Loving Vincent è un film biografico che racconta gli ultimi anni del pittore Vincent van Gogh basandosi su più di 800 lettere personali che il pittore scrisse ad amici e famigliari. Il film è ispirato a 120 dipinti di van Gogh e incorpora nella narrazione i personaggi ritratti in ciascuno di essi. Ovviamente, anche le ambientazioni non potevano che ispirarsi alle più famose opere vangoghiane, inserite nella narrazione come location di ciascuna scena. Ecco quindi prendere vita La camera di Vincent ad Arles (1888), La notte stellata (1989) e Campo di grano con volo di corvi (1890), solo per citarne alcuni. L’operazione non è tuttavia un completa novità, già nel 1990 infatti il maestro Akira Kurosawa aveva diretto Yume (Sogni), film composto da 8 episodi, basato sui concetti del realismo magico e su alcuni sogni del regista. Il film racconta la vita di Kurosawa e gli episodi rappresentano i vari periodi della sua vita, partendo dall’infanzia fino alla morte. L’episodio numero cinque, dal titolo Corvi è una vera e propri dichiarazione d’amore a Vincent van Gogh, considerato da Kurosawa il più giapponese tra i pittori occidentali.
Nell’episodio l’alter ego del regista entra letteralmente nei quadri del grande pittore grazie agli effetti speciali della Industrial Light and Magic di George Lucas.
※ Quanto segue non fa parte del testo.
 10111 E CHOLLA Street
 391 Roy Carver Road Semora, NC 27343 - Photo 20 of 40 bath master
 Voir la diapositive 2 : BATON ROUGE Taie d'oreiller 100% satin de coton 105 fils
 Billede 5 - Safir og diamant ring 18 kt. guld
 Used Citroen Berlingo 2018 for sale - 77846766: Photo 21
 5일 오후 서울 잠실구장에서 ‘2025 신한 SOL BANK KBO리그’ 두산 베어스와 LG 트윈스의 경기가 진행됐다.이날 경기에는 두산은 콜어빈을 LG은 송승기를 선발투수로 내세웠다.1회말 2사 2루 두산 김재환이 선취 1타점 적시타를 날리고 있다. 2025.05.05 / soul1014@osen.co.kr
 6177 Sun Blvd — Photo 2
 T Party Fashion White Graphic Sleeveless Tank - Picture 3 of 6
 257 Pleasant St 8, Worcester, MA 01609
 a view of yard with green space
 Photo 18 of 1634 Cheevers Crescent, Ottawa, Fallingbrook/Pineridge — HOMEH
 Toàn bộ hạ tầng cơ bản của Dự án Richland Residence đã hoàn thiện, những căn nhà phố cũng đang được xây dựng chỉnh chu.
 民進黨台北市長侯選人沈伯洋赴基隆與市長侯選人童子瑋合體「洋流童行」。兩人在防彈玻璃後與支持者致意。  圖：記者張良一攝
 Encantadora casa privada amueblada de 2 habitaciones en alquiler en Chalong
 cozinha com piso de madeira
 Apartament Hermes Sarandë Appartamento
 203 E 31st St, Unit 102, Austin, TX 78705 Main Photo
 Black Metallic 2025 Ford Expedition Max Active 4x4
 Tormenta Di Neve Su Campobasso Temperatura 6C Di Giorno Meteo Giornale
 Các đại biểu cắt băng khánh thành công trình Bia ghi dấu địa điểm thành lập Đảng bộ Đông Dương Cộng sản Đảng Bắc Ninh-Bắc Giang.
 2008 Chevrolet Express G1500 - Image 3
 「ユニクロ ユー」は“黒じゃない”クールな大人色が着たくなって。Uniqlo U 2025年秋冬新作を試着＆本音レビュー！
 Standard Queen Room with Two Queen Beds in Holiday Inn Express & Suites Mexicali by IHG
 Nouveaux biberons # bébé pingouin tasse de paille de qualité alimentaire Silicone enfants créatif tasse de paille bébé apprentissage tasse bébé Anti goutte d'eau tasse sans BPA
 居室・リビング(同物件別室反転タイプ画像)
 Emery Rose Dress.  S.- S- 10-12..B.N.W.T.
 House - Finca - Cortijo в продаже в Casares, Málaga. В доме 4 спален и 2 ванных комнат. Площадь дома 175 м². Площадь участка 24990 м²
La nuova opera di Kobiela e Welchman però porta in vita gli stessi personaggi dei ritratti di van Gogh: il dottor Gachet, sua moglie Marguerite, Adeline Ravoux, il tanto amato Pere Tanguy, Louise Chevalier, il dottor Mazery, ciascuno portato alla vita dall’interpretazione di un attore molto somigliante al personaggio ritratto e poi inserito nelle inquadrature dalle abili mani dei pittori ad olio.
Oltre alla bellezza dei dipinti e alla poesia dei paesaggi, l’atmosfera del film è resa splendidamente dalle musiche originali scritte da Clint Mansell, già autore delle colonne sonore di film pluripremiati quali Il Cigno Nero, Moon e π – Il teorema del delirio.
Loving Vincent è una bellissima dichiarazione d’amore degli autori e la prova che l’opera d’arte sopravvive sempre alla biografia di chi l’ha creata.